I’ve got the twitchies now. I was on my feet and half way to the potti kadai down the street where the shopkeeper automatically takes out two packets of charms when he seems me approaching at a high mph. Had to turn back cursing lesions and blockages.

“Bond took out his black gunmetal cigarette box and his black oxidized Ronson lighter and put them on the desk beside him. He lit a cigarette, one of the Macedonian blend with the three gold rings around the butt that Morlands of Grosvenor street made for him…”

Aaaaaargh. I can’t take it anymore, and I haven’t even come to Wodehouse’s “The Man Who Gave Up Smoking”, Joseph Cotten’s masterly rings, Bogie in Rick’s CafĂ© with a bottle of booze and Dooley Wilson on the piano. Gatzing along to that orange light across the dock.

Tuesday, September 6, 2011

Blogstuff

I haven’t done anything for the last few months – part because of general dijness, part because of moving to Bangalore and being without an Internet connection at home for a couple of months and partly because of the truly terrible net access at work.

Anyway, going back to the blogs that I have missed out on in during my limited net access months - there are a couple of things that I found interesting. The first was an article in the Smithsonian Magazine about Finland's successes in education. Picked it off Pharyngula - where Myers sums up with "They put good teachers in charge of deciding how students should be taught? How radical."

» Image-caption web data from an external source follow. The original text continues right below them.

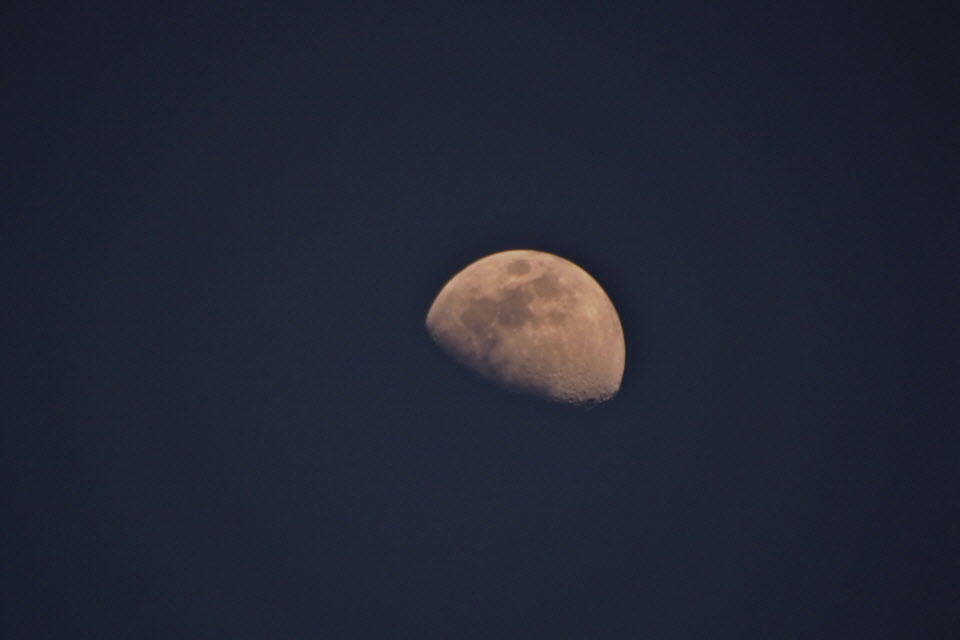 DSC_1528.JPG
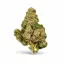 ZAZA | THCA EXOTIC FLOWER | VICE CITY RUNTZ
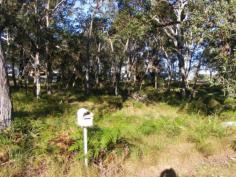  LOT 3 Fishermans Reach Rd Fishermans Reach NSW 2441 HUGE BLOCK SMALL PRICE 
 Situated close to the river, with sealed road frontage, peaceful and
 private. Level and well drained is this easy build block that is 3035m2
 in size. Surrounded by nature with enough room for the dream home and 
sheds, this is great value at $150,000 
 
 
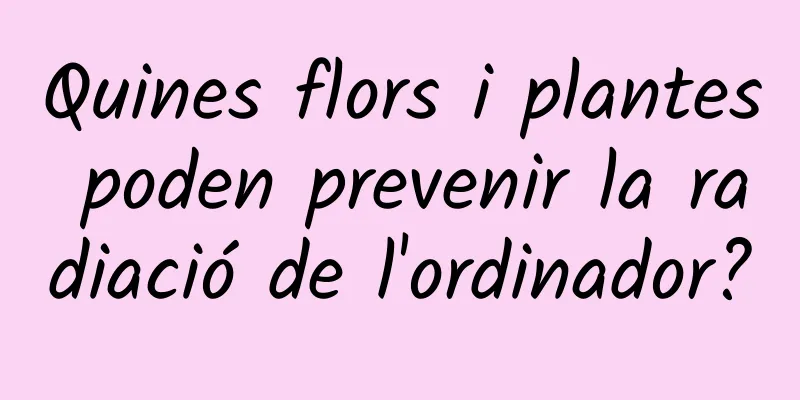 Quines flors i plantes poden prevenir la radiació de l'ordinador?
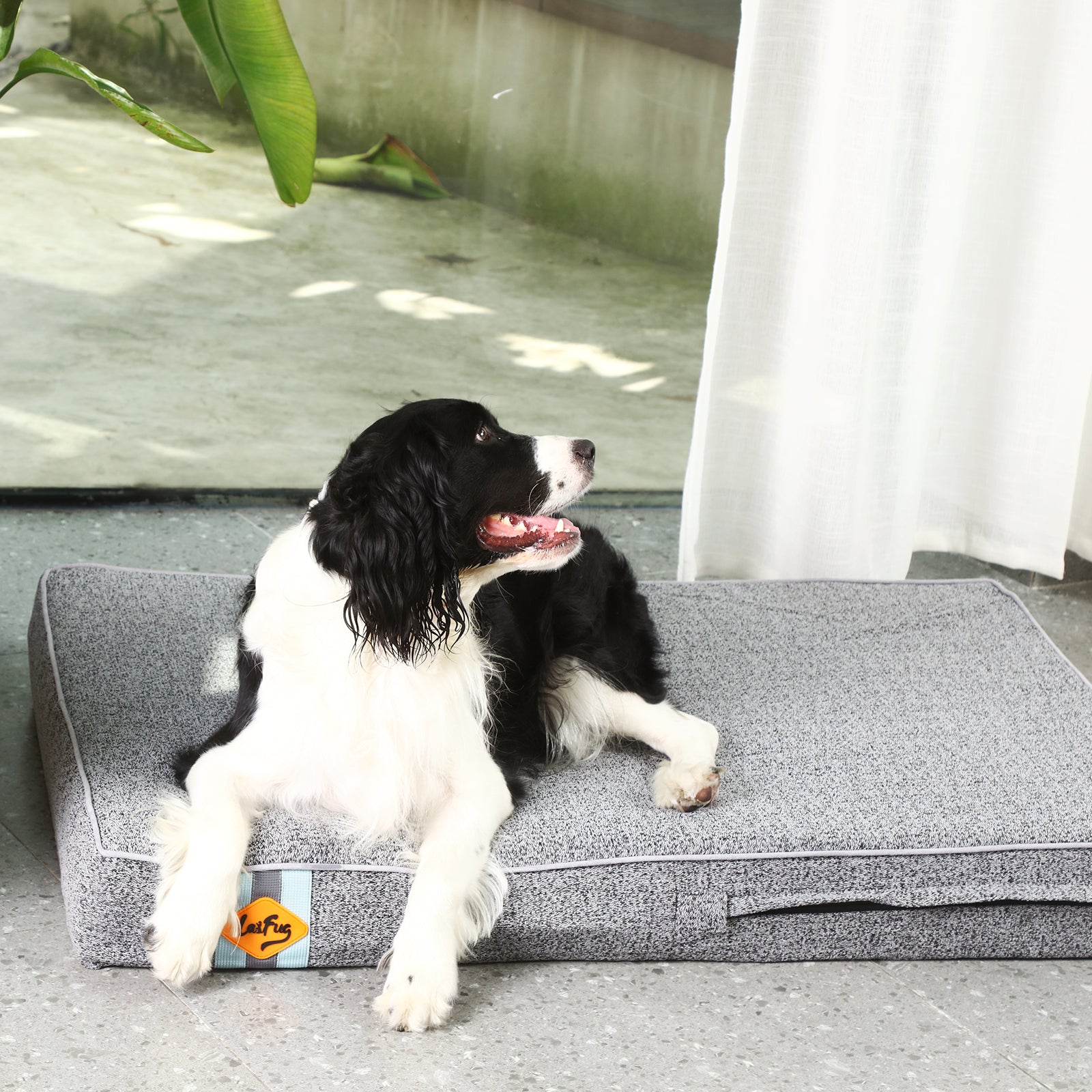 LaiFug 318 Flat Orthopedic Memory Foam Dog Bed – Minimalist Design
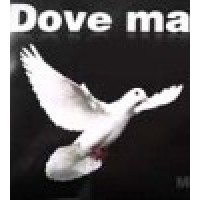 新款专业鸽袋(鸽囊,白色) Professional Dove Bag and Dove Bag Holder Set - White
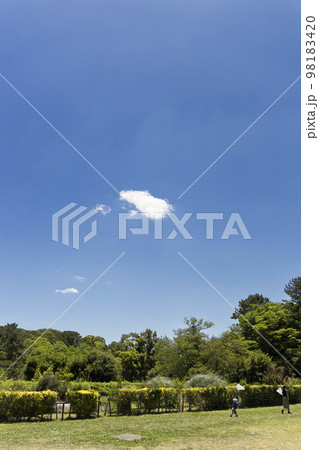 初夏の公園、虫取り姉弟と快晴の空風景 初夏の公園、虫取り姉弟と快晴の空風景 98183420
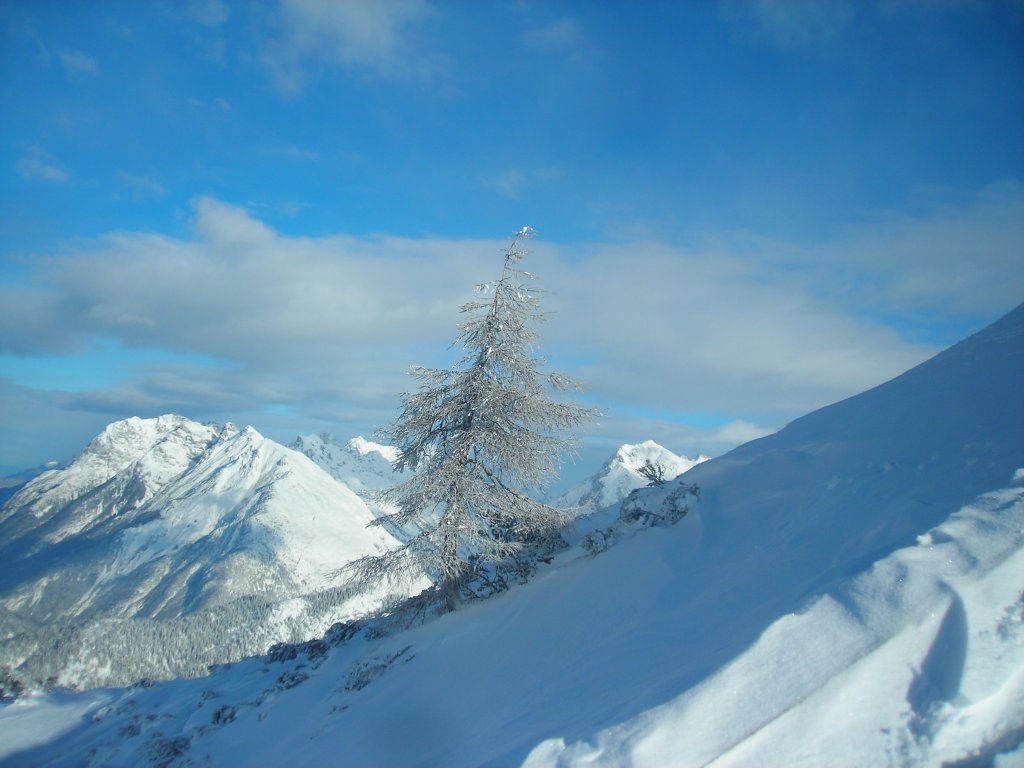 Clicca per vedere l'immagine alla massima grandezza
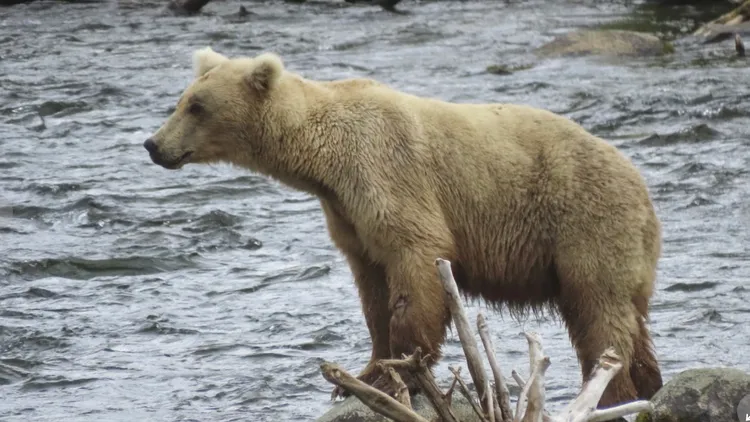 胖熊查克佔據捕食魚類的優越位置。美聯社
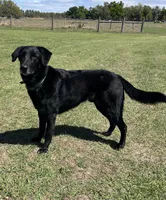 Hennessy, a male German Shepherd Dog and Great Pyrenees for sale in Mulberry, FL – Photo 4 of 4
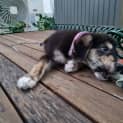 Photo of Timon 11 Week Old Kelpie X (Trial)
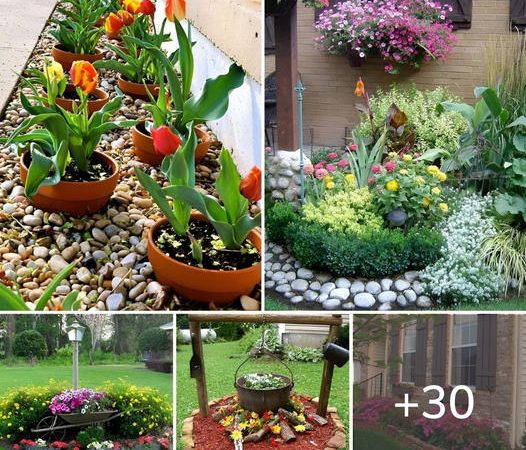 30 Beautiful Flower Bed Designs for Your Inspiration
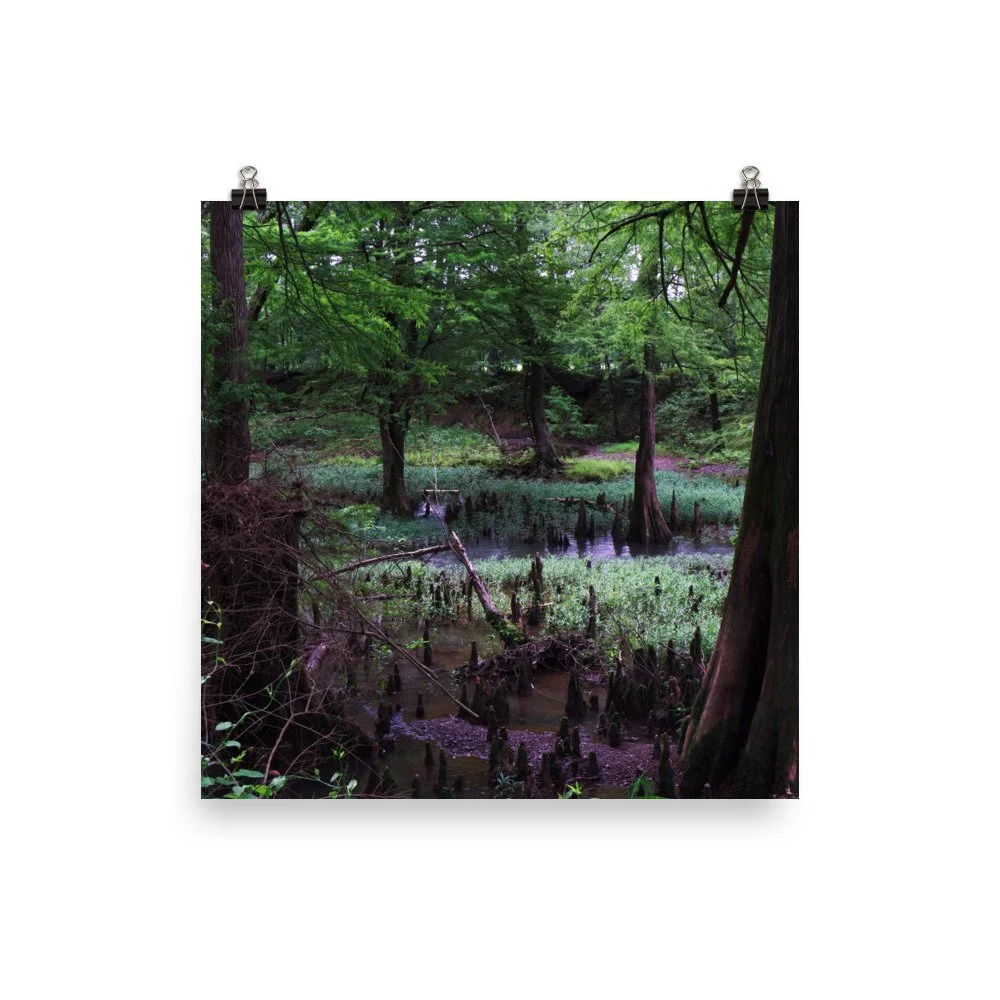 premium-luster-photo-paper-poster-(in)-14x14-transparent-67a41d033d5ea.jpg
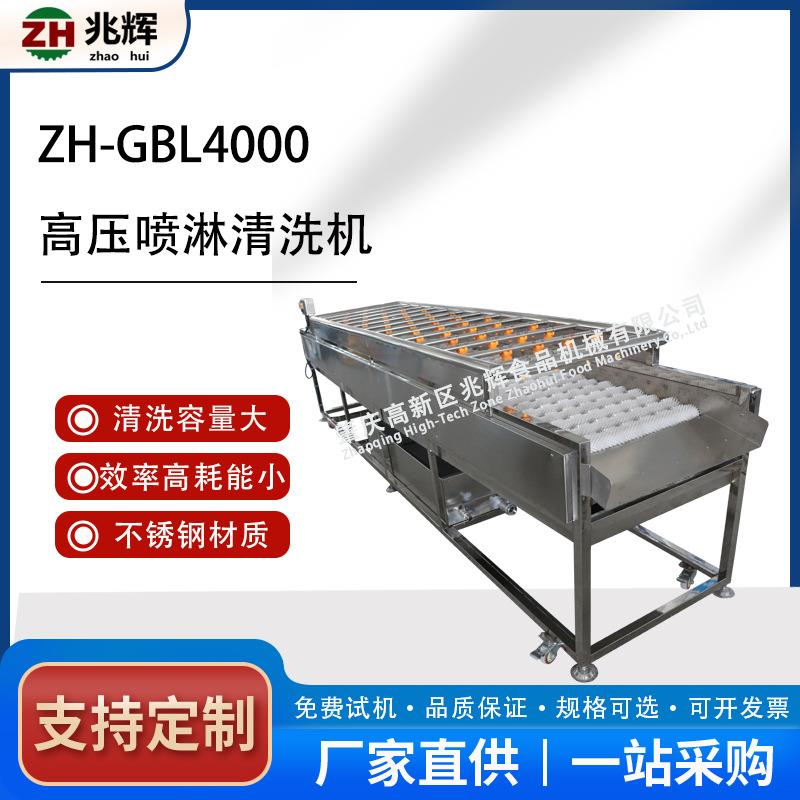 厂价直供喷淋式毛刷洗果机苹果水蜜桃清洗机柠檬清洗机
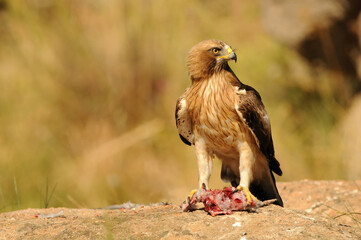 aguila calzada en el campo con sus presas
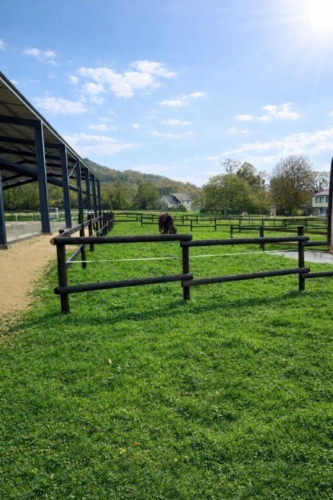 Photos 6 - Équestre - Propriété équestre avec habitations Clefs en main, Praye (54116)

The other thing is the explosion at one of my favourite blogs, Balloon Juice. I've loved Cole's blog since I came across it - via Greenwald - when Cole got pissed off about the whole Schiavo shitfest. I loved the fact that among the heaping amounts of politics and media snark there would be intense discussions on the Dead or the latest Bioware game. But things blew up this morning with this post from Anne Laurie. I don't really think she should have done it the way she did, but I kind of get the frustration. While ABL may have her good points, I found her tedious and frankly depressingly fanatical in her defence of Obama. And she has her own crowd of Obots that do nothing but crap on anyone who dares criticize the dear leader. Plus you get the feeling that she confuses offensiveness with directness and any criticism made becomes racist. I've kept away from her posts and their threads - sticking to Cole, DougJ, Freddie DeBoer, Levenson and Laurie's posts instead. I always thought that Anne was one of the sweeter posters - with her pet rescue blogs and food stuff, which makes her meltdown all the more spectacular.

Its a huge pity, but I think Anne will lose this one. Plus, I wonder what Cole will do. He can't ignore this war any longer. The best thing to do would be to get the two As - ABL and AL into a room and shout at them until one agrees to tone down and the other agrees to back down, but I don't see that happening. Or will he chuck them both out? Or go Narasimha Rao and do nothing? The fight may be good for page views, but not for the blog. Whatever else, its more drama.